The Whitefish Community Library is taking its books to the people. The library has set up mini library boxes around town that are meant to encourage reading.

“Little Free Library” boxes, also referred to as community book exchanges or book trading posts, are an offering of free books housed in small containers to members of a local community.

“This is an experiment that I am hoping will really take off,” Library Director Joey Kositzky says of Whitefish’s version.

Through the Friends of the Whitefish Community Library, the Little Free Libraries are now open in Whitefish. The book exchange boxes have been set up in Montana Coffee Traders downtown location, the Pine Lodge, Swift Creek Cafe, the Kiddie Park, Soroptimist Park and City Beach. The locations were selected for their high volume of visitors.

Kositzky said while the books in the free libraries are open to everyone, the library encourages locals to visit the Whitefish library and apply for a library card.

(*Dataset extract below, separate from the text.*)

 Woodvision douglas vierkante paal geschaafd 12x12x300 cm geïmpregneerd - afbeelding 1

“Our real intent of the Little Free Libraries is to promote reading,” Kositzky says. “We want to reach those visitors in the area that don’t meet the requirement for a WCL library card because they are traveling through the area. Motel guests and campers often have down time and would enjoy a good book to read or take with them.”

The Whitefish library got its idea for the concept from an article on a man who mounted a wooden container designed to look like a school house on a post on his lawn as a tribute to his mother, who was a book lover and school teacher. The idea took off and 5,000 Little Free Libraries have been registered in all 50 states and 40 countries worldwide.

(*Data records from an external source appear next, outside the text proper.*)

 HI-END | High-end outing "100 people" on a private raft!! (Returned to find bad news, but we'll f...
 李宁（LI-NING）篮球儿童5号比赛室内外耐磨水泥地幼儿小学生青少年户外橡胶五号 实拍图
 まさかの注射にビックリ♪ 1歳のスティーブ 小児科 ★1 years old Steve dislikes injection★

The Whitefish Little Free Library boxes were constructed by Whitefish Middle School’s seventh graders with the guidance of shop instructors Matt Beckwith and Aaron Phillip. The boxes are 22 by 11 inches in size.

Friends of the Whitefish Community Library will be checking the locations each Monday to see if they need to be replenished and to get feedback on how the system is working.

“For now, people are encouraged to enjoy a free book courtesy of the library, but as we reduce our inventory of donated books, we will ask that people exchange a title of their own for each copy they borrow,” Kositzky said. “The libraries operate on the honor system.”